- [Records for this exercise]
• • • • • • •
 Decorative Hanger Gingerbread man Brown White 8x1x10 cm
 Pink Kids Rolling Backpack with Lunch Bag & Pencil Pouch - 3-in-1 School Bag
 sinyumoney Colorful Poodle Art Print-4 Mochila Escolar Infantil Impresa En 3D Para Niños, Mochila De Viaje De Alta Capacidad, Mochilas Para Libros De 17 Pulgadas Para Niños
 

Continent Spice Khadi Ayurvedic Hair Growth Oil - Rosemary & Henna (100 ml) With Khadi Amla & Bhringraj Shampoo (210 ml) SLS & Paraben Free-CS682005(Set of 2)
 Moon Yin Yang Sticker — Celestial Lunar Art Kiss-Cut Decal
• • • • • • •
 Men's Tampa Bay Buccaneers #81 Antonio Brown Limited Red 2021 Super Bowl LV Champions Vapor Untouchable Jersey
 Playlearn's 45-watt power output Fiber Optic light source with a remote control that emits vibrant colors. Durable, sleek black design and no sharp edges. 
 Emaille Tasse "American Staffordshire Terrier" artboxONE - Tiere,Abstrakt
• • • • • • •
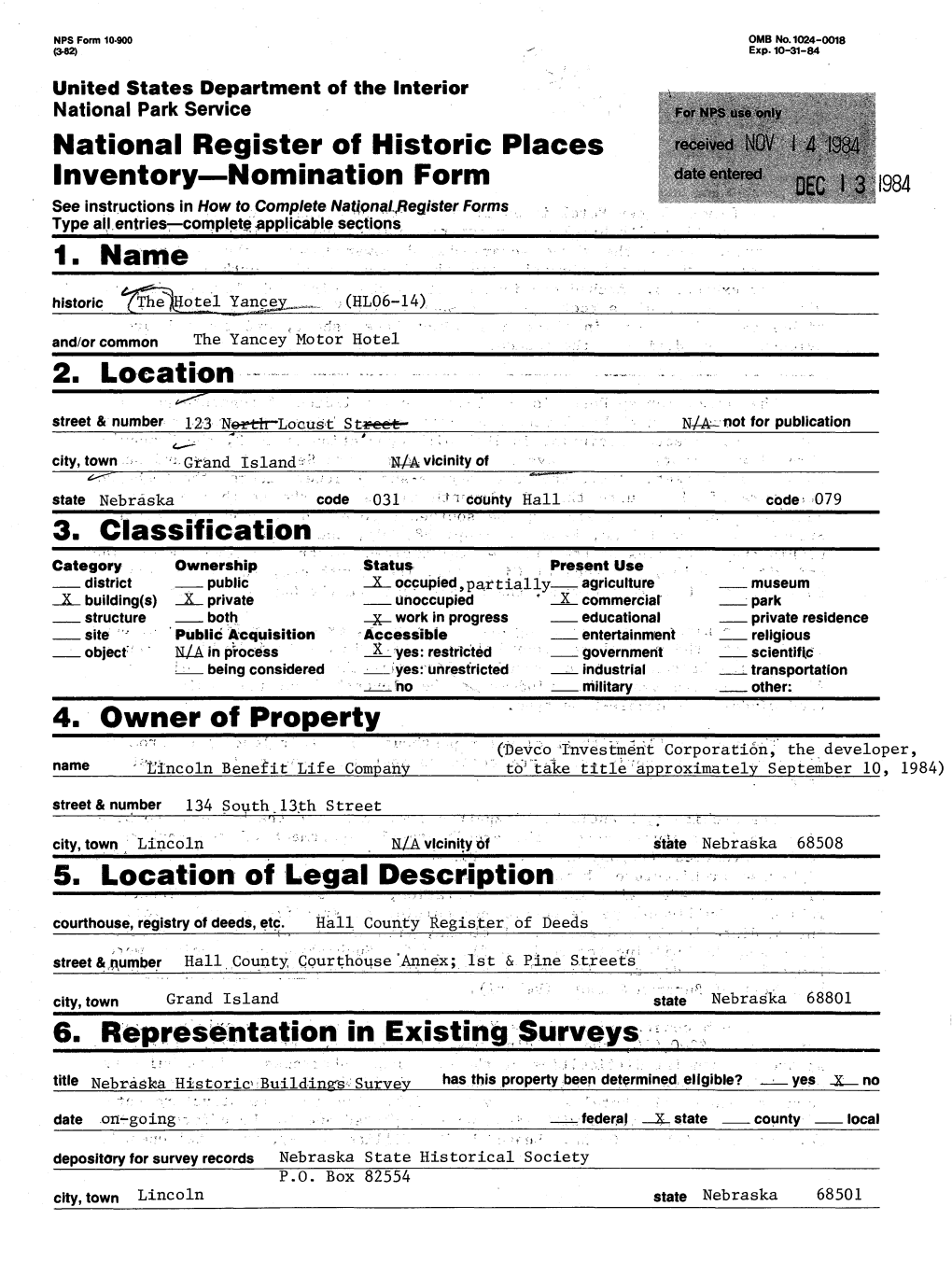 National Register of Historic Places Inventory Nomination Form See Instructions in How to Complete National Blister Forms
• • • • • • •
Once you have counted the lines above that hold the word "Brown", report only that total.

2